Cupid for India’s HIV positive


An Indian bride and groom smear yellow rice - Talambralu - on their heads during a mass wedding ceremony in 2009. Many Indians consider their wedding day the most important of their life. A matchmaking service helps HIV+ people who want to get married.


Noah Seelam

NEW DELHI, India — If you ask any Indian what the most important day of their life will be, odds are they’ll say the day they get married.

But imagine you were an HIV positive Indian with no prospective husband or wife in sight.

What would you do?

While HIV infections have decreased in the sub-continent, the stigma and discrimination against those with the virus has lingered.

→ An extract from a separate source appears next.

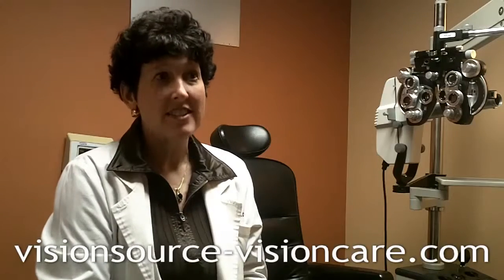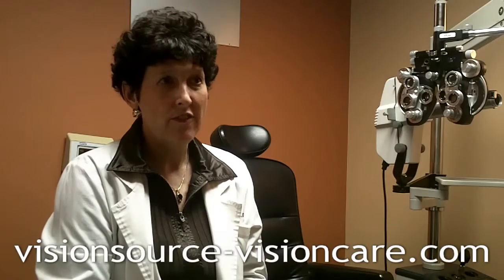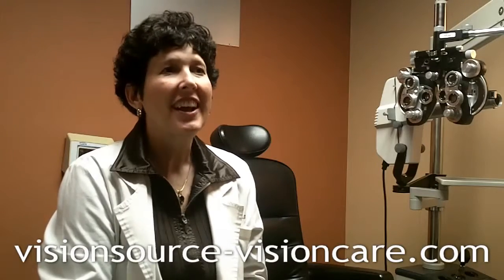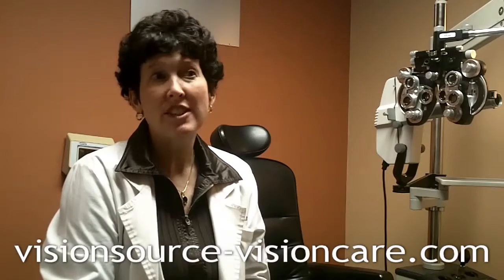We are accepting new patients at Vision Care and it's very simple — all patients have to do is call our office. The phone number is 337-8182 and we can help you with any insurance that you might have. We take a lot of different insurances and our front desk staff would be happy to help. Patients can also reach us at visionsource-visioncare.com.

Some Indians have dangerously opted to not disclose their status to their partner for fear of rejection.

But thousands of lonely hearts have found salvation from a free matrimonial website called, which unites HIV-positive men and women.

Anil Valiv, 43, a transportation officer in Pune in the Indian state of Maharashtra, has played cupid since 2006. His passion for social work led him to set up the website after he, along with the help of a local hospital, began testing drivers for HIV, through his work at the Regional Transport Office.

It was during this time that a doctor told him about an HIV positive man so desperate to get married that if he didn’t find someone soon, he was going to marry a healthy woman without disclosing his status.

Valiv also witnessed an HIV-positive friend suffer alone in silence.  “Nobody supported my friend. No one was willing to visit him. He was shunned by his own friends and family before he passed away,” he told the Global Post.

Valiv was inspired to launch the site.

“Now I work as a match-maker,” he said. “People with HIV looking for marriage is very difficult.”

Since the website’s inception, more than 5000 HIV-positive people have registered. Nearly two-thirds are from rural areas.

Mr Valiv said it was difficult to determine how many people he had helped successfully tie the knot but said it was in the hundreds.